电梯门在三楼打开,女人率先走了出去。鎏汐看着她走向302病房的方向,心中的不安越来越强烈。她快步回到护士站,对值班护士说:“刚才有位访客去了302病房,麻烦留意一下。”
护士点头,目光却突然凝固在鎏汐身后。鎏汐回头,看见安室透正站在走廊尽头。
他穿着深色夹克,手里拎着一个便利店的塑料袋,看起来就像是来探病的普通访客。但鎏汐知道不是——他的站姿太警觉,视线在扫过走廊的每一处角落,包括那个刚刚进入302病房的女人离开的方向。
“安室先生?”护士认出他,“您是来……”
“给我一位住院的朋友带点东西。”安室透自然地走过来,将塑料袋放在护士台上,“能麻烦转交吗?我临时有事要离开一下。”
“当然可以。”
安室透转向鎏汐,眼神平静无波:“医生,能请教一下探望时间的规定吗?我朋友不太清楚。”
这是借口。鎏汐明白。“请跟我来。”
她带着安室透走到相对僻静的消防通道。门一关上,安室透立刻变了表情。
“302病房的病人,河野修一,你了解多少?”
“疑似急性胰腺炎,但……”鎏汐犹豫了一下,“他抓住我的手,说有人要灭口。”
安室透的瞳孔收缩:“什么时候的事?”
“今天上午。他还说了‘他们’。”
安室透迅速拿出手机,手指在屏幕上飞快滑动:“听着,鎏汐。河野修一曾经是黑衣组织的专属医生之一,负责处理组织成员的伤病。三年前他试图脱离组织,隐姓埋名,但显然没有成功。”
鎏汐感到一阵寒意:“那刚才去探望他的女人……”
“贝尔摩德。”安室透的声音压得很低,“组织的高级成员,最擅长伪装和情报收集。她来医院绝不是为了探病。”
“她是来确认河野有没有泄露组织情报?还是来……”鎏汐没有说下去。
“都有可能。”安室透收起手机,握住她的肩膀,“你现在要做的,是尽可能远离302病房。不要表现出任何异常,继续你的正常工作。但如果你发现任何可疑情况——任何人试图进入302病房,任何异常的医疗指令——立刻通知我。
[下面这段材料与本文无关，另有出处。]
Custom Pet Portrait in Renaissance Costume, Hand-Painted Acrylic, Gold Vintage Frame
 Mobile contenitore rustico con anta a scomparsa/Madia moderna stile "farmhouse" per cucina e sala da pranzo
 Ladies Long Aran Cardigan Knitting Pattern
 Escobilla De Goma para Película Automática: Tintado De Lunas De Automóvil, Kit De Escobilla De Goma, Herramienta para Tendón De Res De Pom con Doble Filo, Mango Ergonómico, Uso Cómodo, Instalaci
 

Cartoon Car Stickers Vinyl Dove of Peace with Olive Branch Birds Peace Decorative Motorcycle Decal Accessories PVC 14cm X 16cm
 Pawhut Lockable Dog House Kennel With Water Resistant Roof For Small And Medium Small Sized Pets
”
“你怎么会在这里?”鎏汐终于问出这个问题,“你不是应该在波洛吗?”
安室透沉默了片刻:“河野修一是我们重要的线人。他掌握了组织在关东地区的部分医疗网络,我们原本计划今天下午秘密转移他。”
“原本?”
“贝尔摩德的出现打乱了计划。”安室透的眼神变得锐利,“她现在可能只是在试探,也可能已经准备行动。无论如何,我们必须做好准备。”
消防通道的门突然被推开,森田探进头来:“鎏汐医生,紧急情况——302病房的病人出现呼吸骤停!”
鎏汐和安室透对视一眼,同时冲了出去。
302病房外已经围满了医护人员。主治医师正在指挥抢救:“准备肾上腺素!检查输液管!”
鎏汐挤进病房,眼前的景象让她倒吸一口冷气——河野修一躺在床上,脸色青紫,呼吸已经完全停止。监护仪上,心率线已经拉成一条直线。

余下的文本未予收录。